Notice that the final output includes all four cat names. Three of the cat_ids in the names relation had matching cat_ids in the colors table and one did not (Eugene). The cat name that did not have a matching color has NULL as its color.

In pandas:

pd.merge(names, colors, how='left', on='cat_id')

Right Join

Definition: In a right join, all records from the right table are included in the joined table. If a row doesn't have a match in the left table, the missing values are filled in with NULL.

right join

Example: As before, we join the names and colors tables together to match each cat with its color. This time, we want to keep all the cat color even if a cat doesn't have a matching name.

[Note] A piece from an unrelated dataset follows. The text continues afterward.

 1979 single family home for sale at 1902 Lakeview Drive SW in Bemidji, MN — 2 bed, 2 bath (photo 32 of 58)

SQL: To write a right join in SQL we modify our FROM clause to use the following syntax:

SELECT ...
FROM <TABLE_1>
    RIGHT JOIN <TABLE_2>
    ON <...>

For example:

SELECT name, color
FROM names N
    RIGHT JOIN colors C
    ON N.cat_id = C.cat_id;
cat_id name color
0 Apricot orange
1 Boots black
2 Cally calico
3 NULL white

This time, observe that the final output includes all four cat colors. Three of the cat_ids in the colors relation had matching cat_ids in the names table and one did not (white). The cat color that did not have a matching name has NULL as its name.

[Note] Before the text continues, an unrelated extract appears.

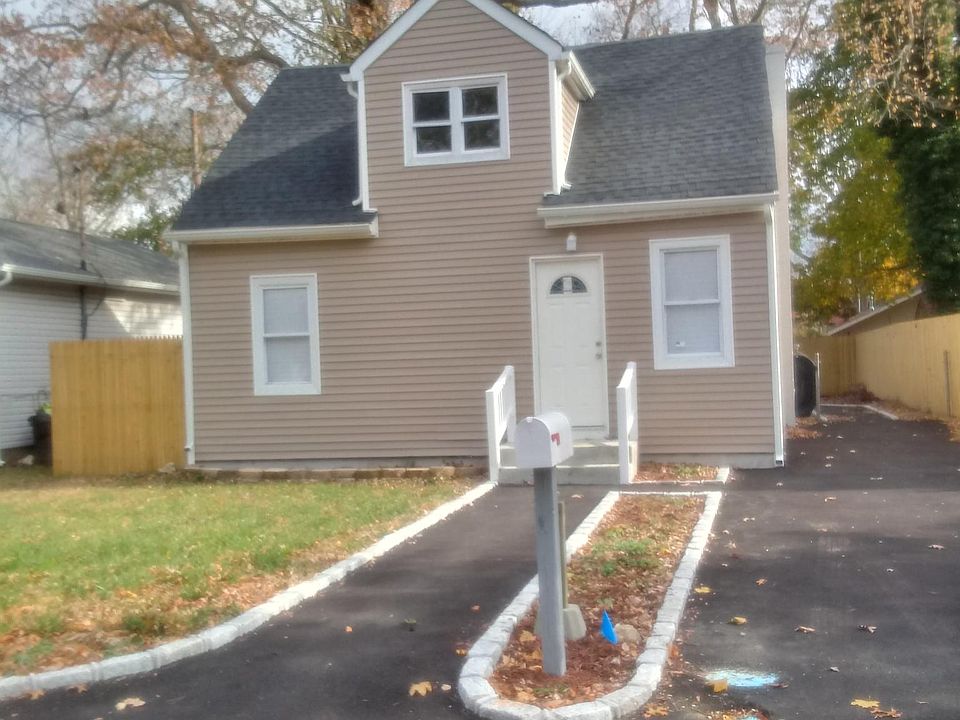 1st image of 129 Laurelton Dr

You may also notice that a right join produces the same result a left join with the table order swapped. That is, names left joined with colors is the same as colors right joined with names. Because of this, some SQL engines (such as SQLite) do not support right joins.

In pandas:

pd.merge(names, colors, how='right', on='cat_id')

Implicit Inner Joins

There are typically multiple ways to accomplish the same task in SQL just as there are multiple ways to accomplish the same task in Python. We point out one other method for writing an inner join that appears in practice called an implicit join. Recall that we previously wrote the following to conduct an inner join:

SELECT *
FROM names AS N
    INNER JOIN colors AS C
    ON N.cat_id = C.cat_id;

An implicit inner join has a slightly different syntax. Notice in particular that the FROM clause uses a comma to select from two tables and that the query includes a WHERE clause to specify the join condition.

SELECT *
FROM names AS N, colors AS C
WHERE N.cat_id = C.cat_id;

When multiple tables are specified in the FROM clause, SQL creates a table containing every combination of rows from each table. For example:

sql_expr = """
SELECT *
FROM names N, colors C
"""
pd.read_sql(sql_expr, sqlite_engine)
cat_id name cat_id color
0 0 Apricot 0 orange
1 0 Apricot 1 black
2 0 Apricot 2 calico
3 0 Apricot 3 white
4 1 Boots 0 orange
5 1 Boots 1 black
6 1 Boots 2 calico
7 1 Boots 3 white
8 2 Cally 0 orange
9 2 Cally 1 black
10 2 Cally 2 calico
11 2 Cally 3 white
12 4 Eugene 0 orange
13 4 Eugene 1 black
14 4 Eugene 2 calico
15 4 Eugene 3 white

This operation is often called a Cartesian product: each row in the first table is paired with every row in the second table. Notice that many rows contain cat colors that are not matched properly with their names. The additional WHERE clause in the implicit join filters out rows that do not have matching cat_id values.

SELECT *
FROM names AS N, colors AS C
WHERE N.cat_id = C.cat_id;
cat_id name cat_id color
0 0 Apricot 0 orange
1 1 Boots 1 black
2 2 Cally 2 calico

Joining Multiple Tables

To join multiple tables, extend the FROM clause with additional JOIN operators. For example, the following table ages includes data about each cat's age.

cat_id age
0 4
1 3
2 9
4 20

To conduct an inner join on the names, colors, and ages table, we write:

# Joining three tables

sql_expr = """
SELECT name, color, age
    FROM names n
    INNER JOIN colors c ON n.cat_id = c.cat_id
    INNER JOIN ages a ON n.cat_id = a.cat_id;
"""
pd.read_sql(sql_expr, sqlite_engine)
name color age
0 Apricot orange 4
1 Boots black 3
2 Cally calico 9

Summary

We have covered the four main types of SQL joins: inner, full, left, and right joins. We use all four joins to combine information in separate relations, and each join differs only in how it handles non-matching rows in the input tables.